BEGIN Data for this task

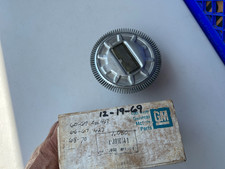 Original 69 And 70 Corvette Fan Clutch. Original 69 And 70 Corvette Fan Clutch.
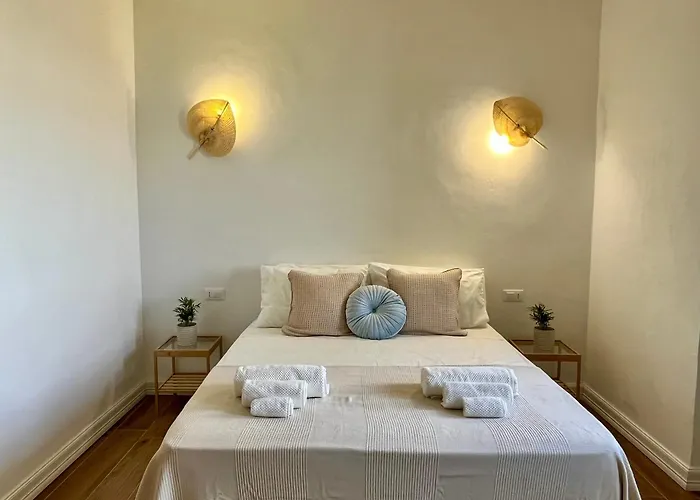 Διαμέρισμα L'aura *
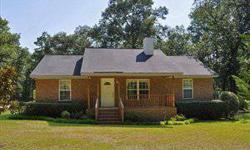 7.74 Acres Zoned. Like new brick ranch. Florida room, separate air unit. Double carport, storage rooms - outbuilding. Nicely landscaped, lots of plants, heavyly treed. Country living privacy. Termite bond.Listing originally posted at http
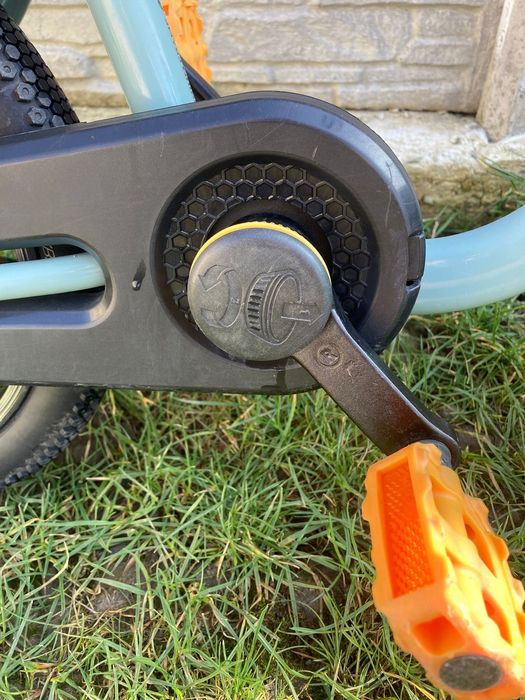 Bicicletă 14 inch, Decathlon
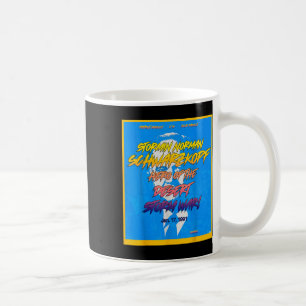 Stormin Norman Schwarzkopf - Desert Storm War - 90 Coffee Mug
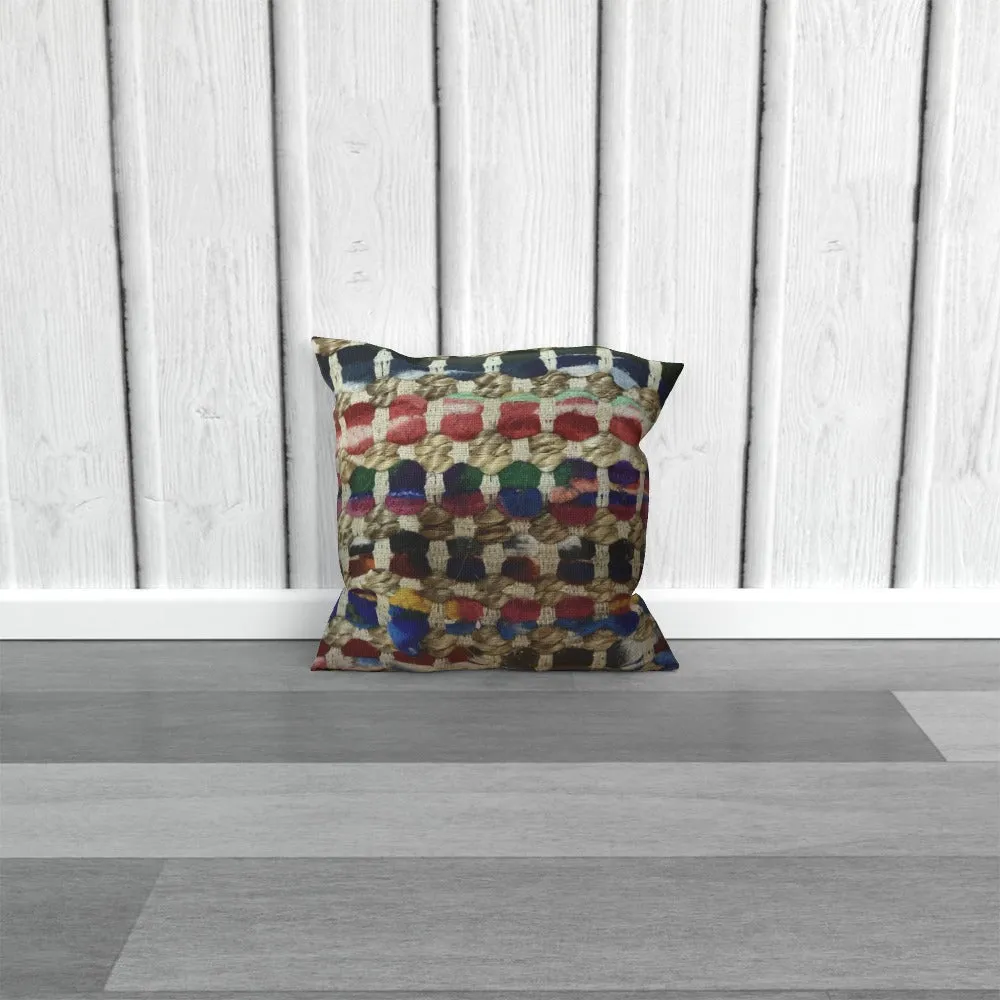 Cushion - Textured Knit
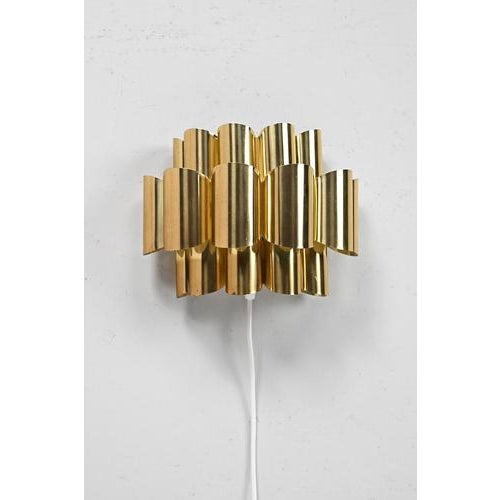 Wall Sconce by Werner Schou for Coronell Elektro For Sale - Image 13 of 13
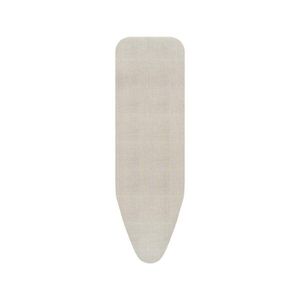 Imagine Husa pentru masa de calcat, Brabantia B, Denim Grey, 124x38 cm, 8 mm spuma, bumbac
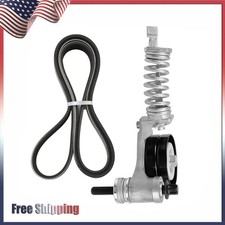 For 2012-2015 Chevy.Cruze 1.4L Serpentine Drive Belt Tensioner Kit 38344 K050551 picture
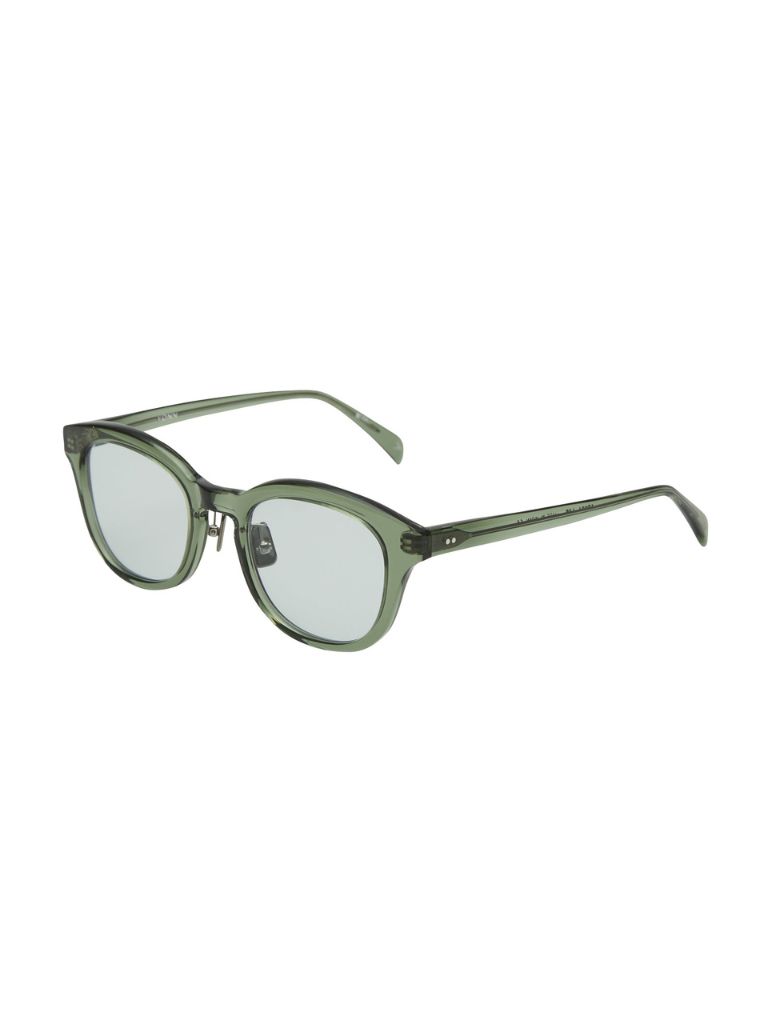 SEGAL (Sunglasses) / クリアグリーン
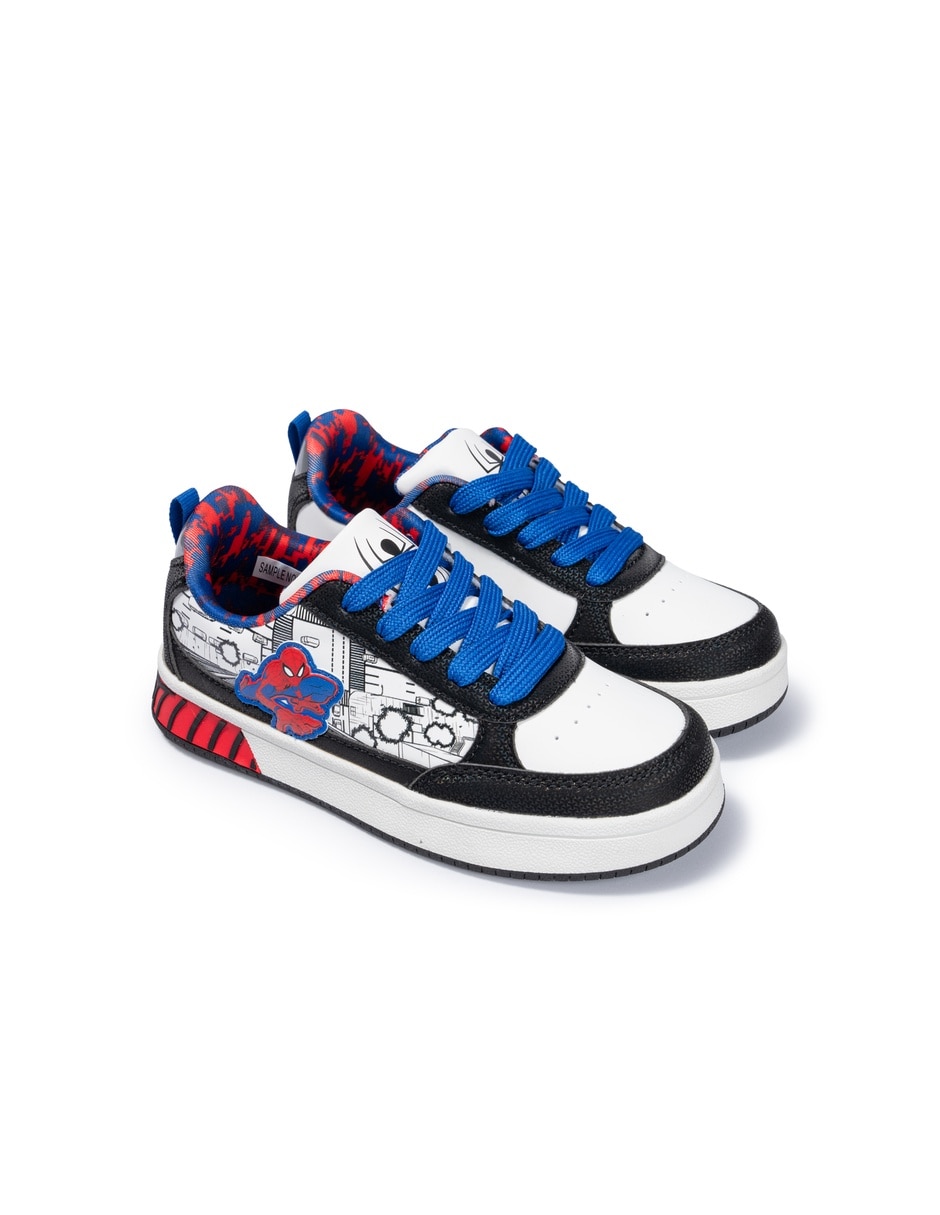Tenis para niño Spiderman Spider-Man 3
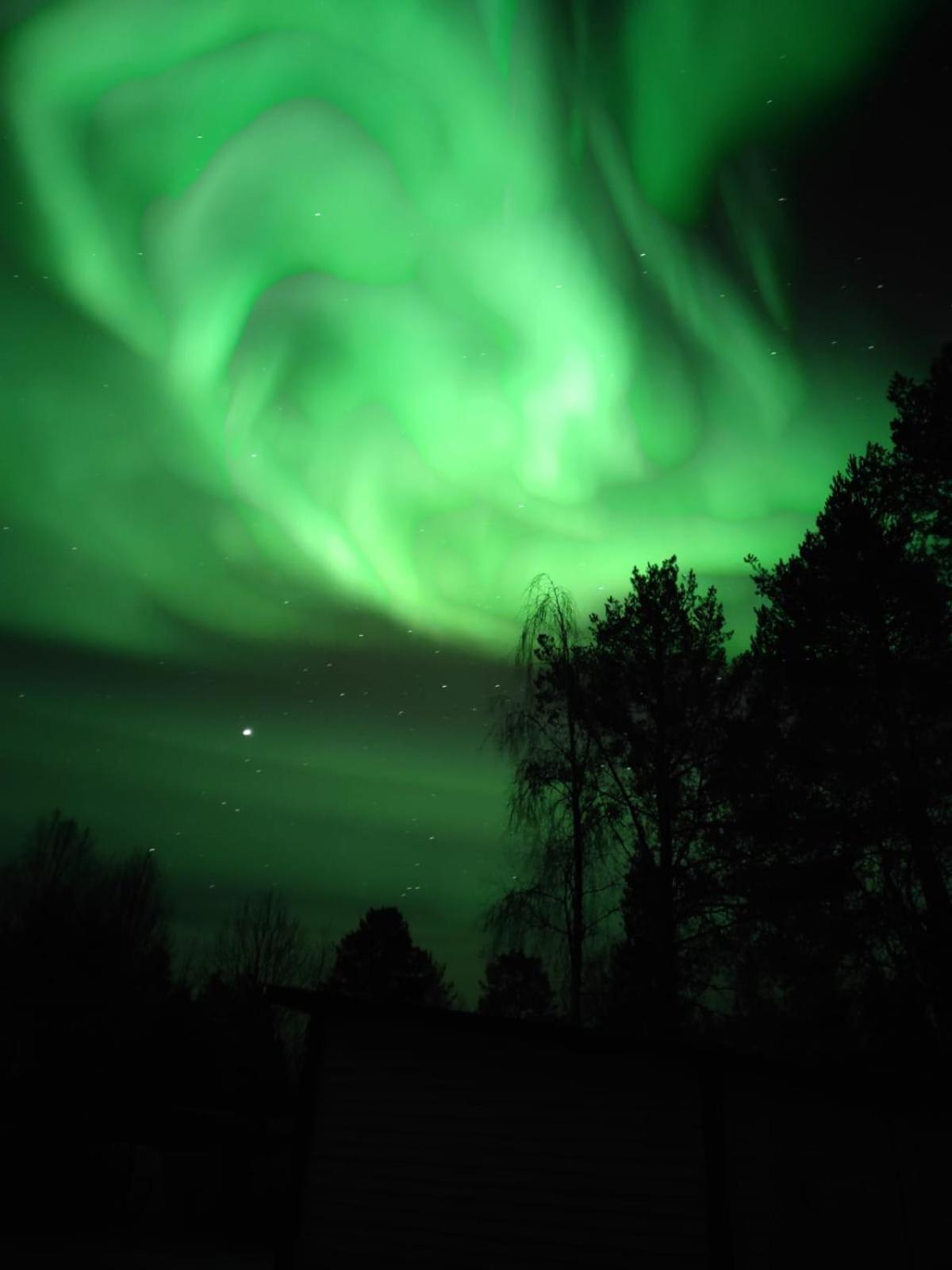 Skyfire Village Igloos Rovaniemi Esterno foto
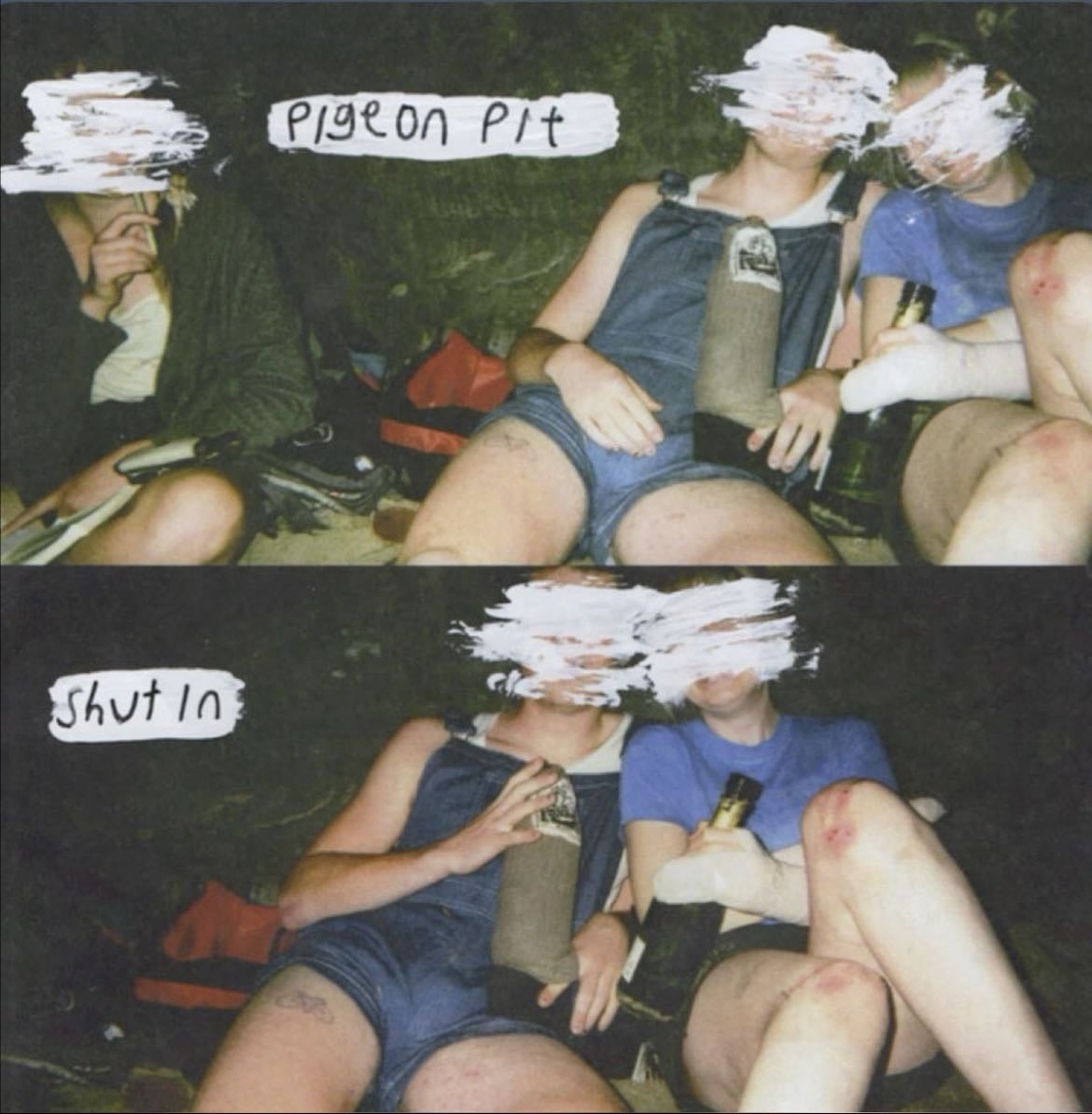 Nights like These - Pigeon Pit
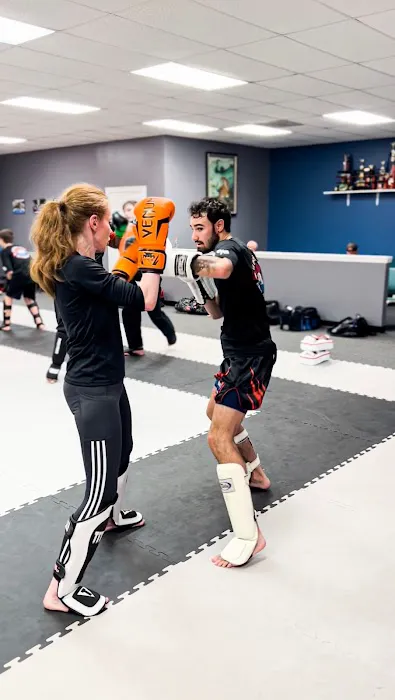 Fayetteville Muay Thai & Kickboxing - Oh Do Kwan Striking Academy Picture 10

END Data for this task

§ **Work item**: Produce an exact copy of each line of data, skipping embedded images.

§ **Answer box**:
 Original 69 And 70 Corvette Fan Clutch. Original 69 And 70 Corvette Fan Clutch.
 Διαμέρισμα L'aura *
 7.74 Acres Zoned. Like new brick ranch. Florida room, separate air unit. Double carport, storage rooms - outbuilding. Nicely landscaped, lots of plants, heavyly treed. Country living privacy. Termite bond.Listing originally posted at http
 Bicicletă 14 inch, Decathlon
 Stormin Norman Schwarzkopf - Desert Storm War - 90 Coffee Mug
 Cushion - Textured Knit
 Wall Sconce by Werner Schou for Coronell Elektro For Sale - Image 13 of 13
 Imagine Husa pentru masa de calcat, Brabantia B, Denim Grey, 124x38 cm, 8 mm spuma, bumbac
 For 2012-2015 Chevy.Cruze 1.4L Serpentine Drive Belt Tensioner Kit 38344 K050551 picture
 SEGAL (Sunglasses) / クリアグリーン
Tenis para niño Spiderman Spider-Man 3
 Skyfire Village Igloos Rovaniemi Esterno foto
 Nights like These - Pigeon Pit
 Fayetteville Muay Thai & Kickboxing - Oh Do Kwan Striking Academy Picture 10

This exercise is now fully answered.